マスクの下のキミは、誰よりも綺麗だった

登校してすぐ、肌に刺さるような視線を感じた。

階段を上がるたび、廊下を歩くたびに、
誰かの目がこちらを追ってくる。
そしてすぐに逸らされる。

「昨日のあれ、絶対桐ヶ谷くんだったよね」
「私服、えげつなかったよ……ピアスにフードって、あれ本人?って思った」
「しかも隣、小野くんだったんだよ。制服、同じだったもん」
「え、小野くんってマスクしてないとめっちゃイケメンじゃない?」
「え、てか、付き合ってんの……?」

休み時間の教室、廊下、階段の踊り場。
そこらじゅうに“噂”が流れていた。

目撃者ははっきりと言っていた。
隣にいたのは、小野紬。マスクを外していた状態だった。

僕はもう、隠れていなかった。
それが何よりの証拠になった。

教室の席に着いても、空気は落ち着かない。

女子たちがひそひそとスマホを見せ合い、
男子たちが廊下で、
「桐ヶ谷、地味に隠してたなあ」「小野、実はモテる側だった説ある」などと話していた。

(……想像してたより、ずっと大きくなってる)

晴くんの「もう一つの顔」が注目されているのはもちろん。
でも、思っていた以上に、僕自身の“変化”にも周囲は敏感だった。

晴くんとは、まだ言葉を交わせていなかった。

目は合った。
でも、彼は何も言わずに通り過ぎた。

その背中が、少しだけ遠く感じた。

放課後。
彼の方からのメッセージがなかった。

僕は黙って校門へ向かい、
彼が来るのを待った。

やがて制服姿の晴くんが現れ、少し驚いたように言った。

「……いたんだ」

「うん。……会いたかった」

言ってから少しだけ頬が熱くなる。

でも、逃げずに言えたことに、心が静かに満ちた。

川沿いの遊歩道。
いつもの道が、今日は不思議と長く感じた。

お互い、何をどう話せばいいか分からない沈黙が続いた。

ようやく、僕が口を開く。

「……晴くん、昨日のこと、後悔してる?」

彼は少し黙って、遠くを見た。

「うーん……後悔ってほどじゃないけど、“ああ、ついにバレたか”って感じかな」

「……バレて、どうだった?」

「正直、しんどい。
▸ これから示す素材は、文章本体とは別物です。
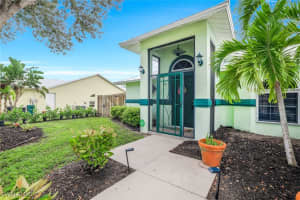 45 Wickliffe Drive, Naples, FL 34110 Sold 05/23/25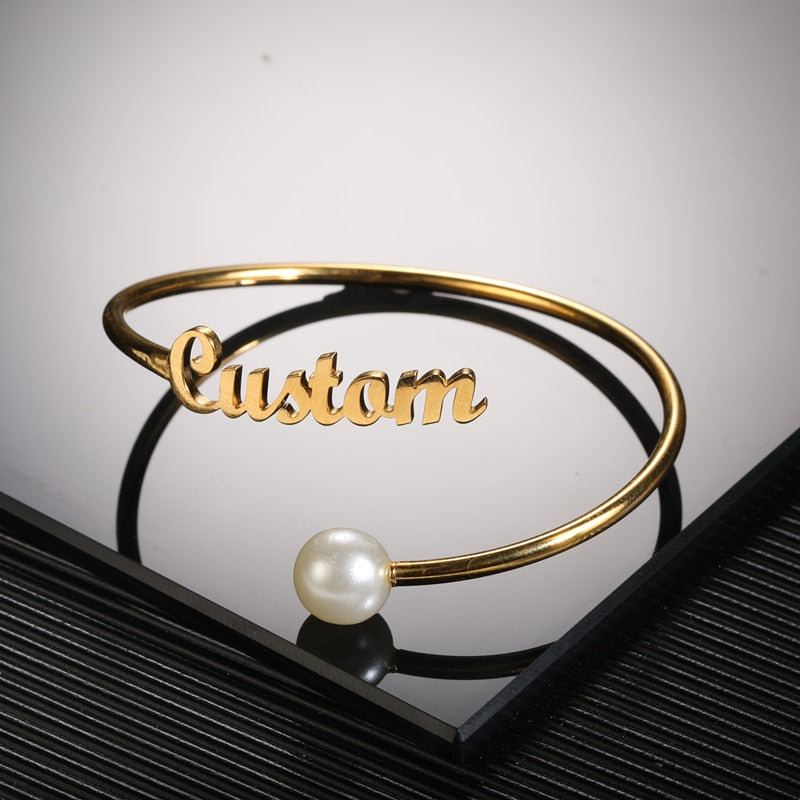 Custom Round Pearl Name Bangles For Women Lady Party Jewelry Personalized Zirconia Nameplate Cuff Bangles Best Friends Gifts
学校で“桐ヶ谷くん=爽やか”って思われてたこと、“嘘だったんだ”って空気になっててさ」

少し笑った彼の横顔は、いつもより静かだった。

「でも、紬の隣にいたのは、作ってない俺だったし。それを見られて困るなら、もう隠す必要ないかなって思った」

「……ごめん。僕が……」

「謝らないで」

彼がピタリと足を止める。

「俺が、紬と一緒にいたくてそうしてたんだ。誰に何言われてもいい。ただ――紬が、俺の隣にいるのがつらくなるのは、嫌だなって思ってる」

僕の胸の奥に、決定的なものが落ちた。

誰がなにを言おうと、
“僕の隣にいたい”って言ってくれる人がいる。

それだけで、十分だ。

「……僕も、言いたいことがあって」

「うん」

「ずっと言いたかったけど、タイミング逃してた」

少し息を吸い込んで、彼の目をまっすぐ見た。

「僕、晴くんが好きです」

言った瞬間、風がひとつ通り過ぎた。

沈黙。

でも、怖くはなかった。

彼が微笑んだ。

「それ、今、一番聞きたかった」

「……うん」

「俺も、紬が好きだよ」

やっと。
ようやく、ちゃんと“名前”をつけられた気がした。